Understanding the direction of world events is an ever more important goal for analysts of various kinds in today's interdependent political and economic structure.
One of the world's wealthiest men attempted such an analysis. It appeared in many newspapers as well as in the pages of Atlantic Monthly. The title of the article was "Towards a Worldwide Open Society." It later formed the basis of a book entitled The Crisis of Global Capitalism.
In his analysis, George Soros wrote that the world's economic order has become a global capitalist system. This was not always so, and it brings with it an interesting philosophy and ideas with a number of threats and opportunities. At the turn of the century the imperial powers held the world's economic order in their control. Then they destroyed that order in a cataclysm of world war. Today the system is no longer imperial, but it is no less dominant—and, at the same time, threatened.
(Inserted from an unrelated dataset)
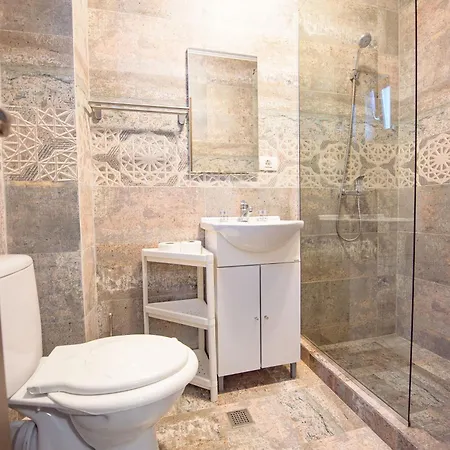 Guest house Vila Karma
Soros has proposed that the answer to the weaknesses of the present system lies in the creation of a global open society to match the global economic structure. A society is more than an economic order. The web of human relationships that can make the economic structure a social entity is underdeveloped. We might say that the global body needs a global "soul." According to Soros, the global marketplace must find a way to accommodate living human beings with all their diversity, their needs and their cultures. It is, of course, an elusive solution to a serious structural problem.
If history is true to its patterns, the markets will go through a major correction when the financial mercury finally falls. Soros believes that the system will go through the predictable cycle of boom and bust. But this veteran of 40 years' experience in the financial markets has also concluded that the system has an inherent weakness and that there are values that ought to form a firmer foundation for global prosperity.
This modern world economic order has some fascinating parallels in the pages of a book that deals in the very kind of values that Soros seeks—not the same precise values to be sure, but universal values nonetheless.
The major objective of this journal is to bring to light the applicability of the Bible to today's world news. Many would not think it possible to identify the concerns of some of today's economic analysts in texts almost 2,000 years old.
Does the following quote sound any familiar bells? "And the merchants of the earth will weep and mourn over her, for no one buys their merchandise anymore: merchandise of gold and silver, precious stones and pearls, fine linen and purple, silk and scarlet, every kind of citron wood, every kind of object of ivory, every kind of object of most precious wood, bronze, iron, and marble; and cinnamon and incense, fragrant oil and frankincense, wine and oil, fine flour and wheat, cattle and sheep, horses and chariots, and bodies and souls of men" (Revelation 18:11–13).